Pesan moral lainnya sebagaimana yang digambarkan oleh Ali Syariati dalam bukunya tersebut, bahwa Ibrahim sudah lama menantikan seorang anak sebagai pelanjut generasi kenabian. Ibrahim sangat menyayangi anaknya Ismail, tetapi Ibrahim lebih mengedepankan perintah Tuhan dibandingkan kecintaan kepada anaknya.
Ali Syariati mengilustrasikan kepada kita bahwa kita juga mempunyai Ismail-Ismail seperti Ibrahim, mungkin Ismail-Ismail kita dalam bentuk yang lain, boleh jadi berupa jabatan, kekayaan, profesi, ketampanan, kecantikan, status sosial, popularitas dan lain sebagainya. Deretan Ismail-Ismail inilah yang bisa mengalahkan perintah-perintah Tuhan.

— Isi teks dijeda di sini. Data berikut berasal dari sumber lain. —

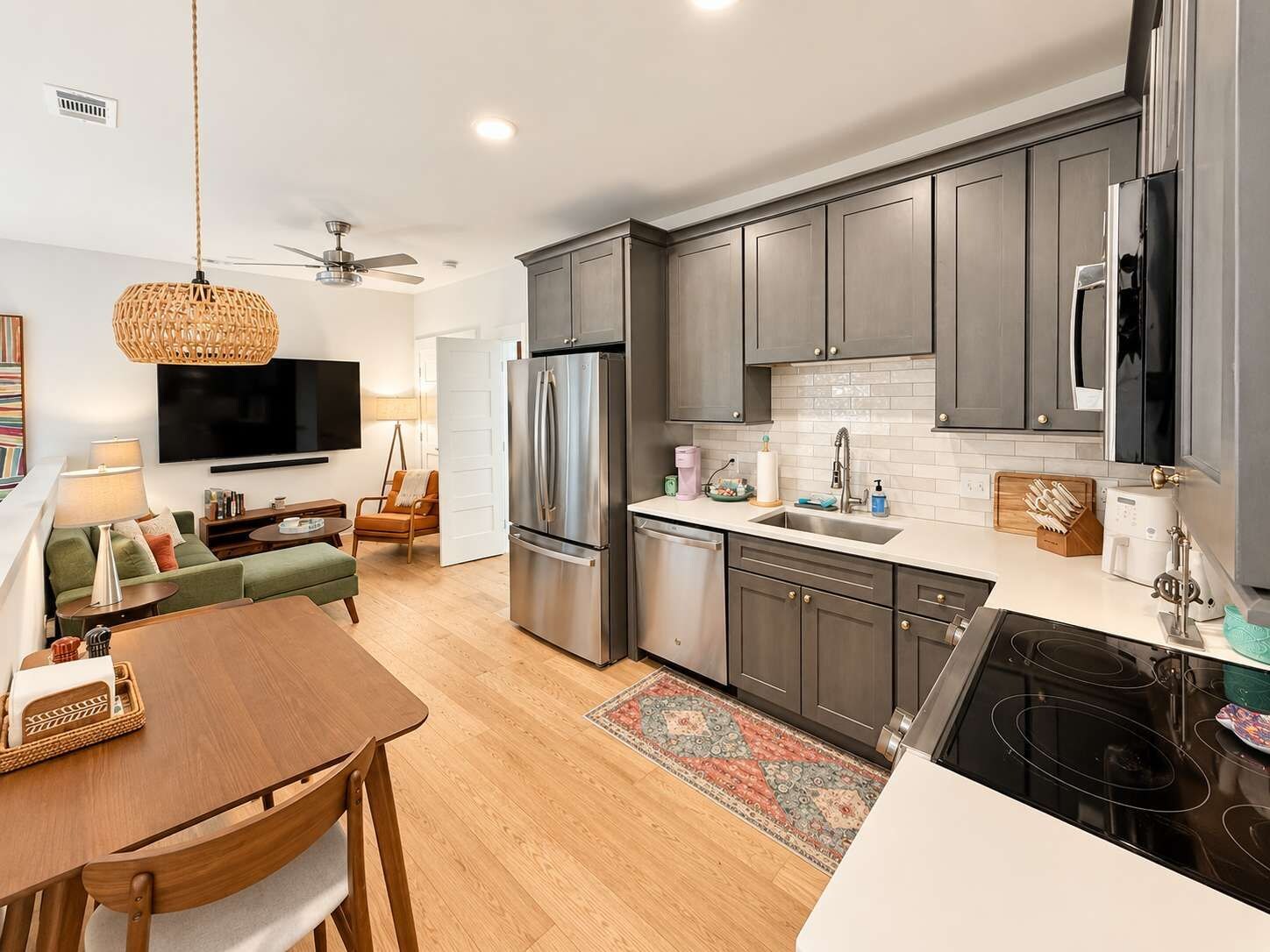 A modern kitchen with grey cabinets, a stainless steel refrigerator, and a built-in dishwasher.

Kesimpulan yang bisa kita tarik adalah apapun yang menghalangi untuk menjalankan perintah Tuhan itulah adalah Ismail-Ismail kita, itu adalah makna simbolik yang terkandung dalam penyembelihan dalam ibadah qurban.
Di samping kedua pesan moral di atas, dalam ibadah qurban juga terkandung makna bahwa manusia harus punya pandangan jauh kedepan, karena manusia punya kelemahan yaitu mudah tertipu oleh kesenangan-kesenangan sementara, itu adalah salah sifat atau kelemahan manusia, oleh sebab itu dengan ibadah qurban melatih manusia untuk berpandangan jauh kedepan, dengan beribadah qurban kita dilatih untuk bersabar, tabah dan ikhlas dalam menjalani kehidupan yang semakin banyak tantangannya.
Itulah pesan-pesan yang terkandung dalam ibadah qurban, kita diajarkan bagaimana kita dapat memfungsikan sifat-sifat kemanusiaan kita, berusaha untuk mengikis sifat-sifat kebinatangan yang ada dalam diri kita, dan belajar untuk bersabar, tabah, dan ikhlas dalam menjalani berbagai tantangan dalam kehidupan di dunia ini. Wallahhu a’lam.